Meg and Calvin really liked seeing campers, as we’re used to staying in tents when we travel like this.  We had to explain to them that the towing capacity on our Subarus isn’t really up to snuff to carry many of these campers, so they’re slowly devising a way to get us to upgrade.  I don’t expect they’ll win this battle…

From Amarillo, it was another 4 hours on I-40 until we got to Oklahoma City.  This time, we were going to get there a bit early, hopefully giving us time for a nice dinner and some swimming at the pool at the hotel we got.  This time, I picked the restaurant: something that would satisfy the four different mouths in the car without leading to arguments about what kind of food we were getting that night.  I found this place called Shorty Smalls that looked like they had a wide swath of options that we hadn’t had on the trip so far, including seafood.  When we got there, they advertised an all-you-can-eat catfish deal and $0.99 Coors Lights.  Sounds great, right?

Well, we sat there for 15 minutes and no waiter visited us.  The kids finished their placemat activities and were already ancy and various servers had walked past us with nary a word.
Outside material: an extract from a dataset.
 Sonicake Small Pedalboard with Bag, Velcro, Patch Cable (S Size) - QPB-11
So we left and went to Waffle House next to our hotel.  It wasn’t my first choice, but the other three in the car were happy, so it was fine.  I left them a review on Google Reviews and got a response the next day apologizing and saying they’d pass the experience on to management.

So. Much. Root beer.

After another late night staying up (with some swimming this time), we hit the road one last time for the home stretch.  This time, we were going to stop about 30 minutes outside of Oklahoma City at Pops Soda Ranch, which advertises over 600 different types of soda and other Route 66 kitsch to buy.  Meg had never seen this many root beer varieties, so she was pretty excited.  We didn’t stay long (and didn’t get gas there, as the price was at least $0.40/gal higher than everywhere else around there), but grabbed a six pack of different glass bottled sodas.
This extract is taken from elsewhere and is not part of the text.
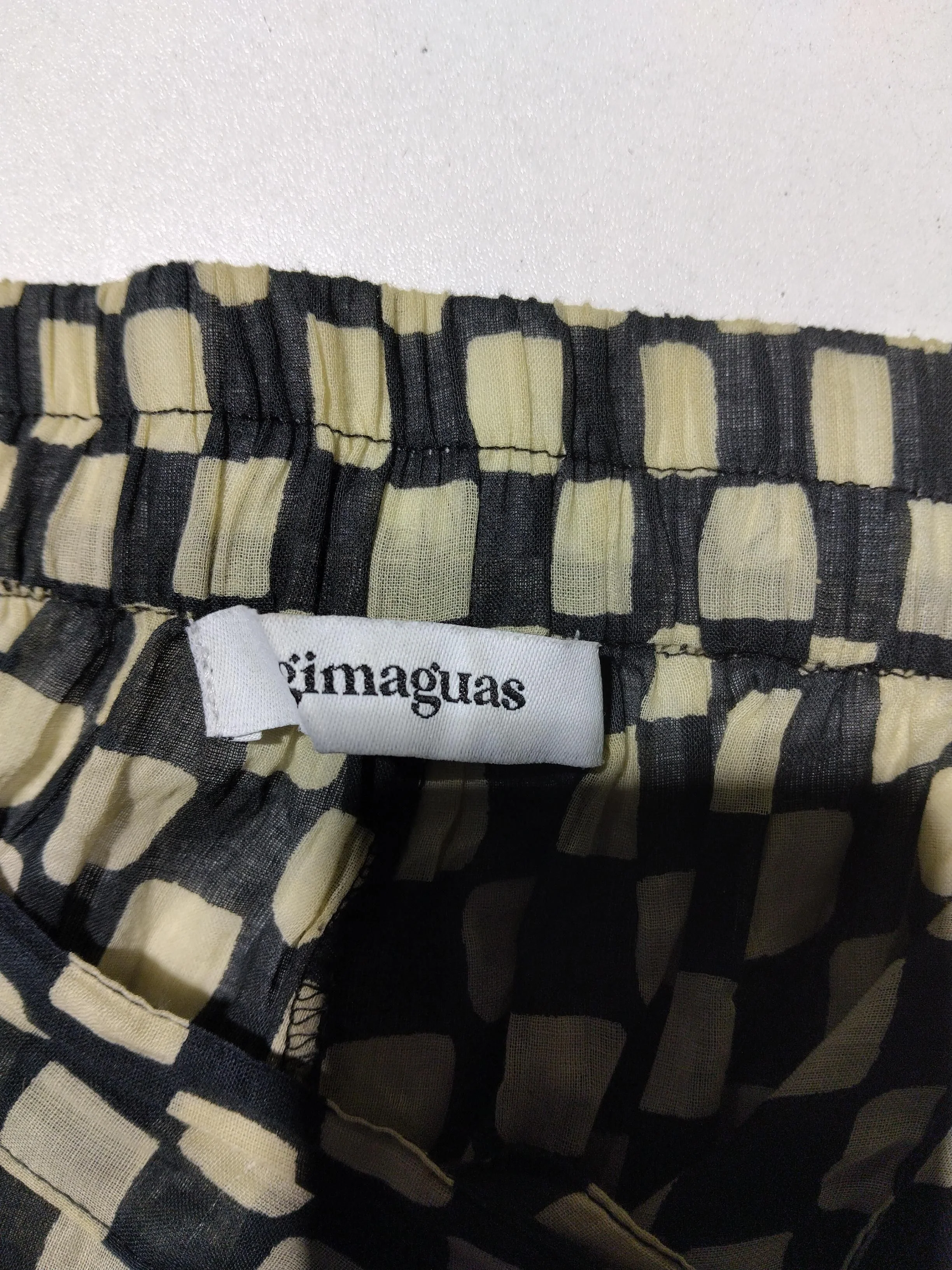 Gimaguas Women's Trousers S Black Checkered 100% Other Straight Chino - Image 5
A McDonald’s over I-40? Kewl.

After another few hours, we stopped at the former “World’s Largest McDonald’s” in Vinita, OK, which runs across I-40.  It’s a McDonald’s, so not much to report on that, but it was neat for the kids to have a Happy Meal while cars passed under them.

A note on Oklahoma vs Kansas driving.  Kansas is a terrible, desolate state that is horrible to cross.  A definite black hole between Missouri and Colorado.  And while they do have toll roads, they certainly don’t milk you for everything you’re worth like Oklahoma does.  I think we spent maybe $2.50 to go on I-70 in Kansas, but it was $9.00 to get from Oklahoma City back to Missouri.  Ridiculous.

All tuckered out…

Finally, the heavens opened up and we crossed back into good ol’ Missouri.  Granted, it was relatively far south, so we still had hours to go, but it was certainly more familiar territory as we got closer to Highway 65.

We had a fun trip!  ~2800 miles covered and 25.6 mpg average overall.  Gas prices really weren’t all that different than they were in Missouri, though we ran into some more expensive stations due to their isolation from other populations.  We’d still like to hit the South Rim eventually, but may do that on a “Tour of the Southwest” trip when we hit Mesa Verde, Arches, and other locales in a few years.  We’ve got other plans for the next few years, though, so that’ll have to wait!